• DESCRIPTION OF THE TASK: In this exercise, print only the lines of the records below from the one with "Lilas-arbuste-plante.jpg Lilas-arbuste-plante.jpg" through the one with "Imagem 5: Linda", inclusive. Pictures are not part of the copy.

• SOURCE INFORMATION:
--- START ---
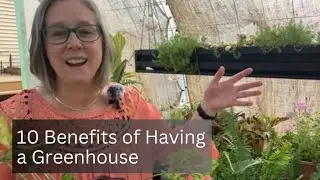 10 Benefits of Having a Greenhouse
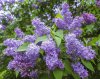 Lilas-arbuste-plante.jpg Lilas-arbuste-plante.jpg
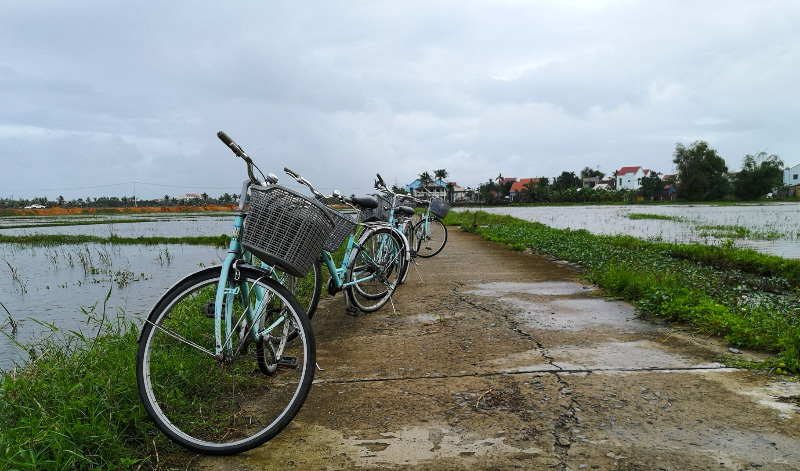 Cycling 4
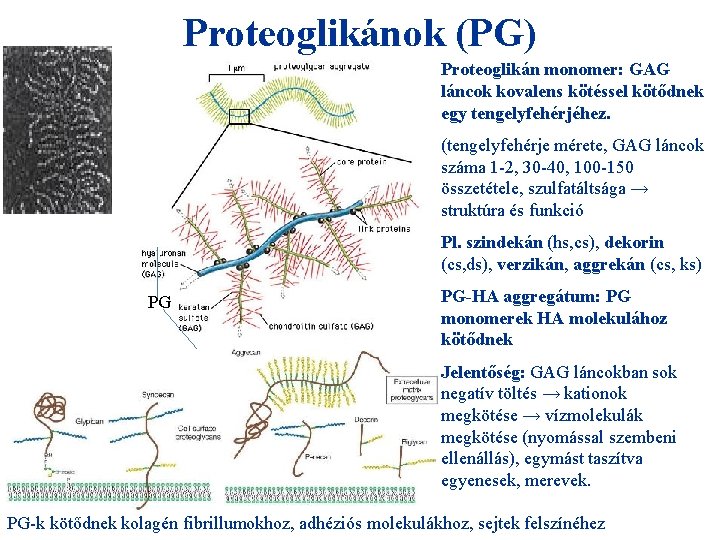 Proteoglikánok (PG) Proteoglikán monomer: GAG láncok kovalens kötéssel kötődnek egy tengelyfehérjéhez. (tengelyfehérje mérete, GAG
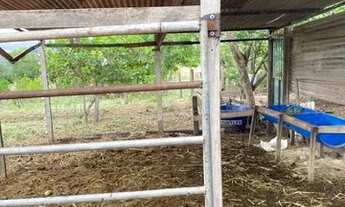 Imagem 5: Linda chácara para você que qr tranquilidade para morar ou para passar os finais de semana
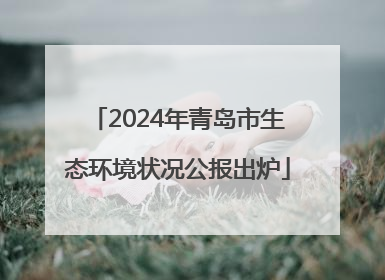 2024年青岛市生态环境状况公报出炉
--- END ---
--- START ---
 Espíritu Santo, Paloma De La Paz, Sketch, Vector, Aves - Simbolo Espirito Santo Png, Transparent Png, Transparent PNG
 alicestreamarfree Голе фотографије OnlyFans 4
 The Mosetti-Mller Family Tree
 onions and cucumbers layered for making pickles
--- END ---
• SOLUTION FOR THIS EXERCISE:
 Lilas-arbuste-plante.jpg Lilas-arbuste-plante.jpg
 Cycling 4
 Proteoglikánok (PG) Proteoglikán monomer: GAG láncok kovalens kötéssel kötődnek egy tengelyfehérjéhez. (tengelyfehérje mérete, GAG
 Imagem 5: Linda chácara para você que qr tranquilidade para morar ou para passar os finais de semana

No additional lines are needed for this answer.